== BRIEF ==
Starting at the first line of the entries, extract each line up to and including the one that contains "2025年二级建造师考试市政工程重点笔记_第2页", but leave out the pictures.

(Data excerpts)
**********
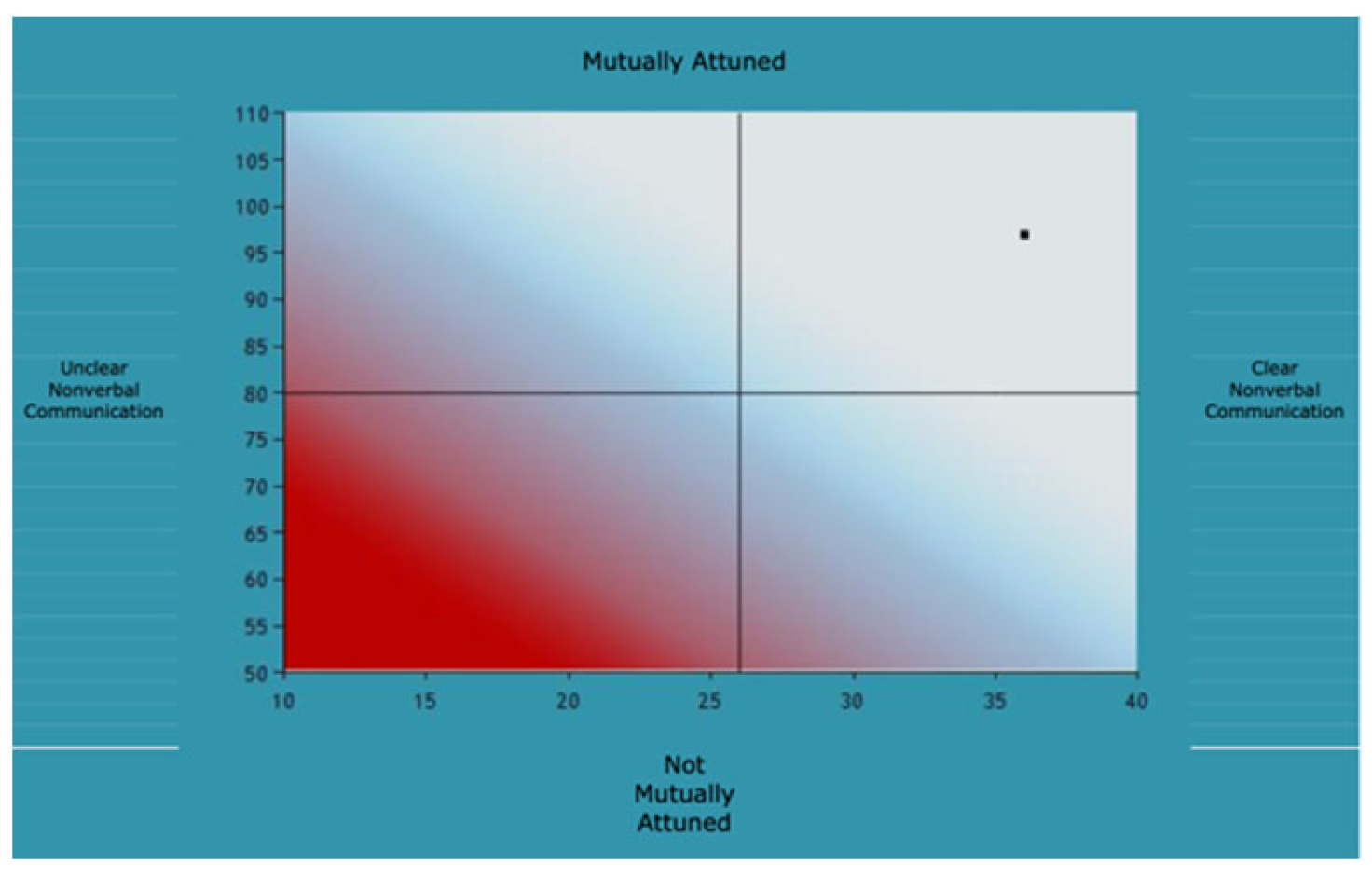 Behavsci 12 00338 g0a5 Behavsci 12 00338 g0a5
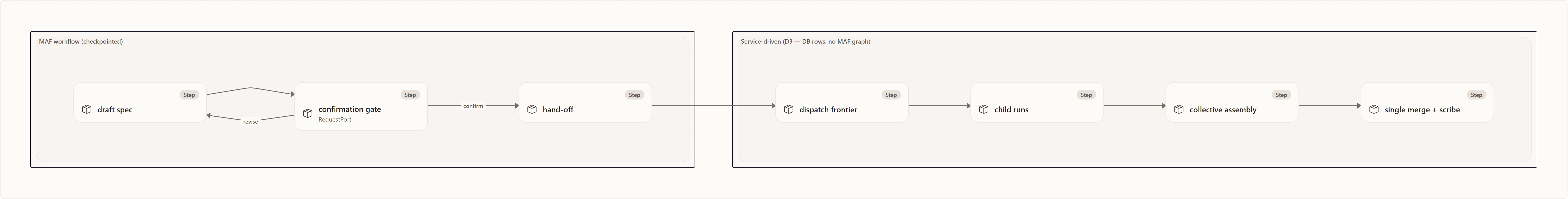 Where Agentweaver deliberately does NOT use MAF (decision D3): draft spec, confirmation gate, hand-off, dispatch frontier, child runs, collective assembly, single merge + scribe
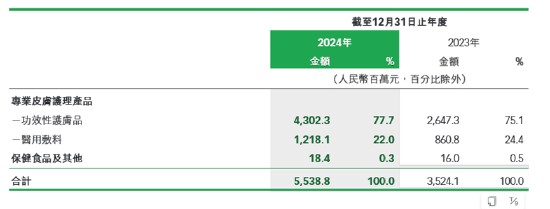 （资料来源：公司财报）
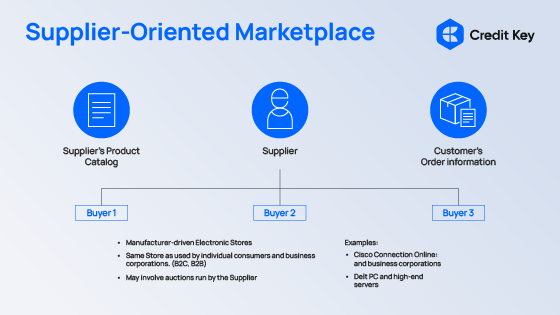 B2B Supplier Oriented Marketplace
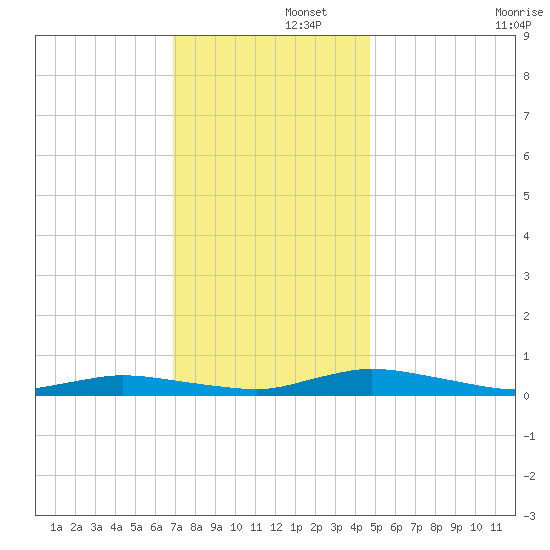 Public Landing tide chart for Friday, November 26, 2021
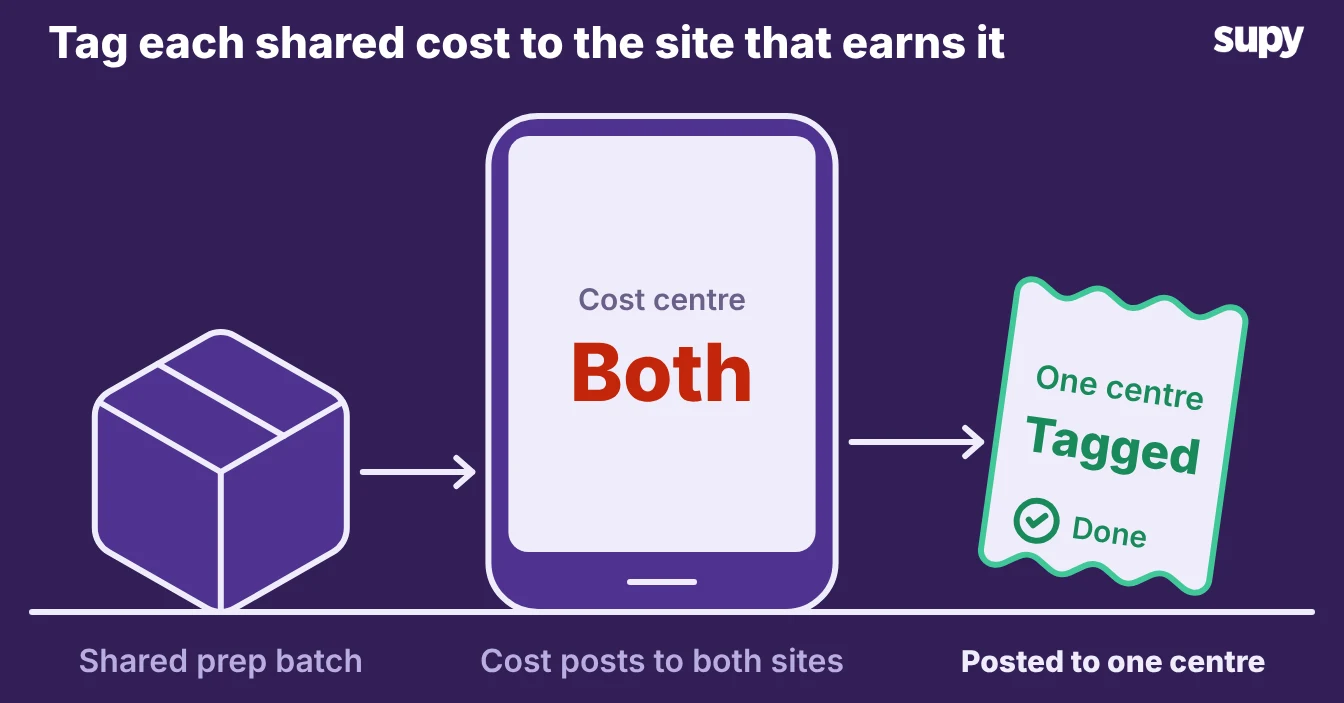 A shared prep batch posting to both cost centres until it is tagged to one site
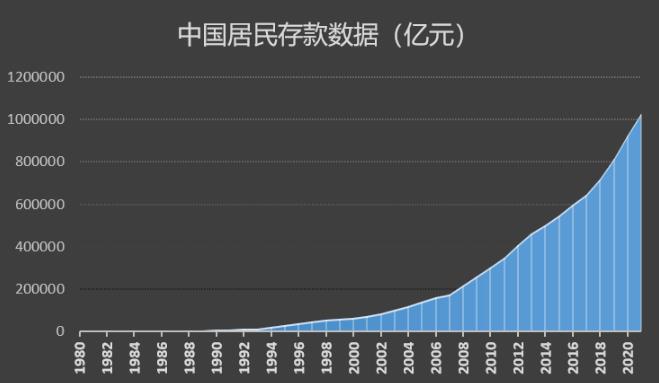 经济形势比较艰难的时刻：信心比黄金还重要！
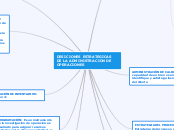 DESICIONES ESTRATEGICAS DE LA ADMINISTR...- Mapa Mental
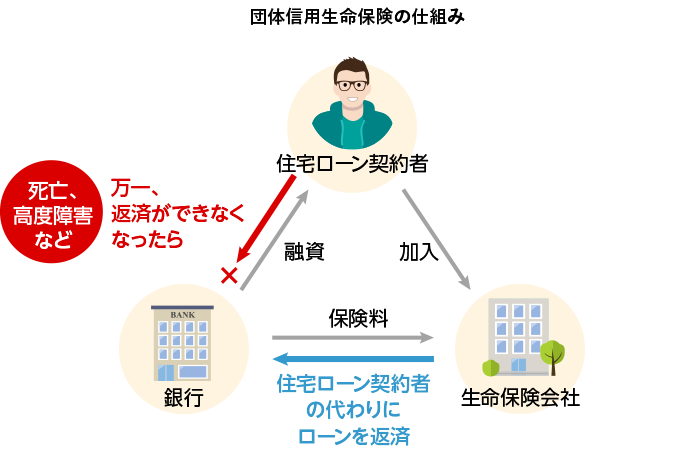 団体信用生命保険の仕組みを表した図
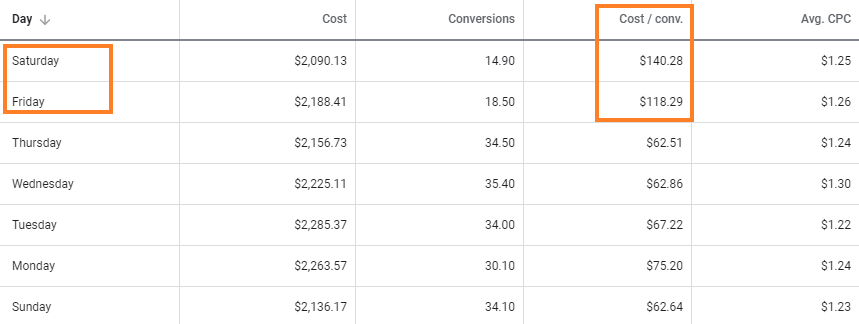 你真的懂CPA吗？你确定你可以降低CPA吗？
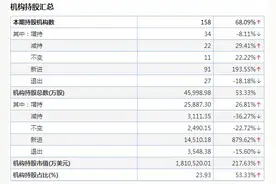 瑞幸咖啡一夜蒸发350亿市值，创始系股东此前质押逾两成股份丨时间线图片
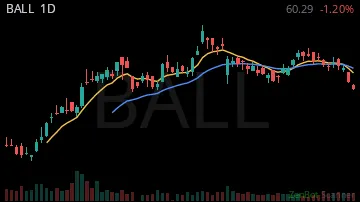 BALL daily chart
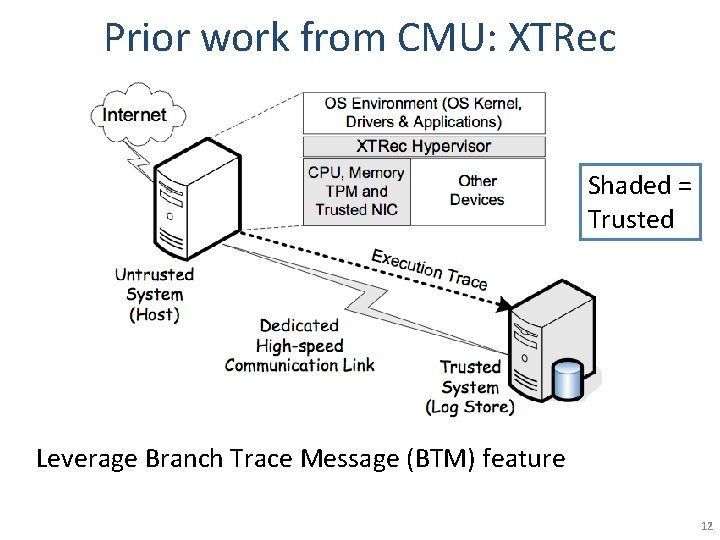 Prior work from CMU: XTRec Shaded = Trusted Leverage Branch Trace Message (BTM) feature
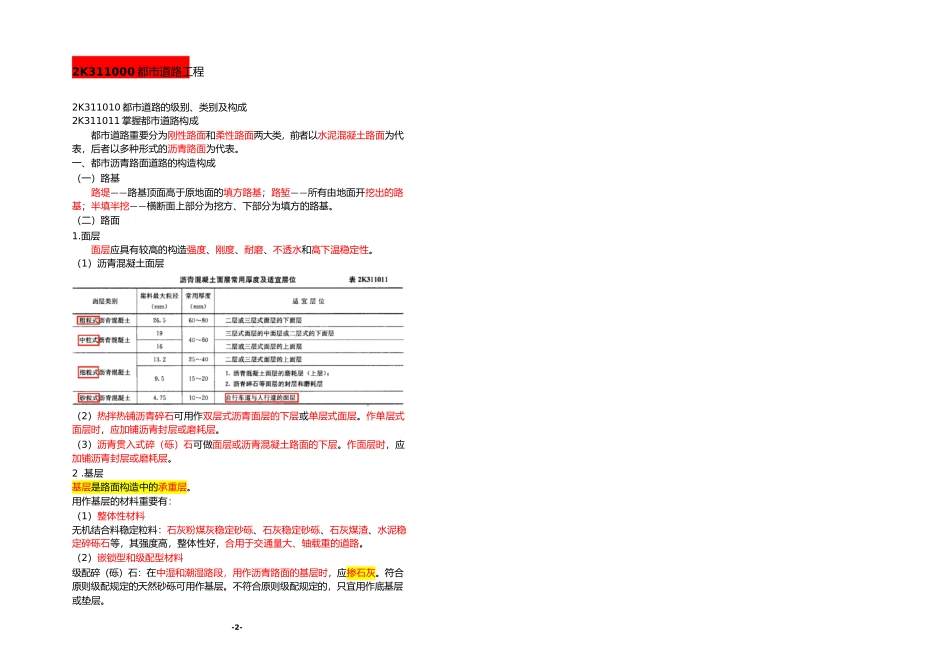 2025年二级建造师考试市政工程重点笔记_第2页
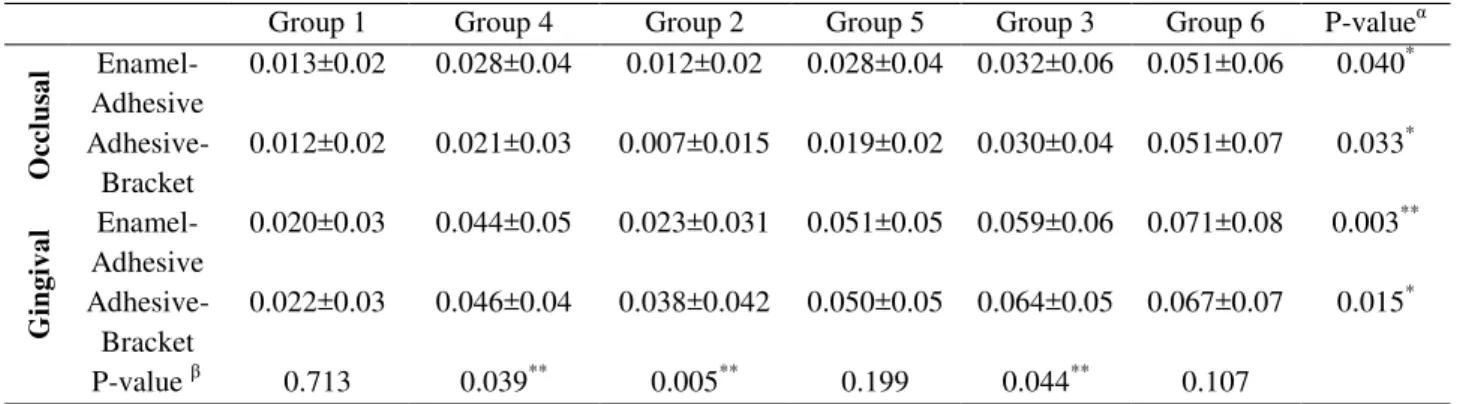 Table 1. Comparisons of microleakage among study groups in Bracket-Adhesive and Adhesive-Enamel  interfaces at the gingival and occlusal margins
**********
== OUTPUT ==
 Behavsci 12 00338 g0a5 Behavsci 12 00338 g0a5
 Where Agentweaver deliberately does NOT use MAF (decision D3): draft spec, confirmation gate, hand-off, dispatch frontier, child runs, collective assembly, single merge + scribe
 （资料来源：公司财报）
 B2B Supplier Oriented Marketplace
 Public Landing tide chart for Friday, November 26, 2021
 A shared prep batch posting to both cost centres until it is tagged to one site
 经济形势比较艰难的时刻：信心比黄金还重要！
 DESICIONES ESTRATEGICAS DE LA ADMINISTR...- Mapa Mental
 団体信用生命保険の仕組みを表した図
 你真的懂CPA吗？你确定你可以降低CPA吗？
 瑞幸咖啡一夜蒸发350亿市值，创始系股东此前质押逾两成股份丨时间线图片
 BALL daily chart
 Prior work from CMU: XTRec Shaded = Trusted Leverage Branch Trace Message (BTM) feature
 2025年二级建造师考试市政工程重点笔记_第2页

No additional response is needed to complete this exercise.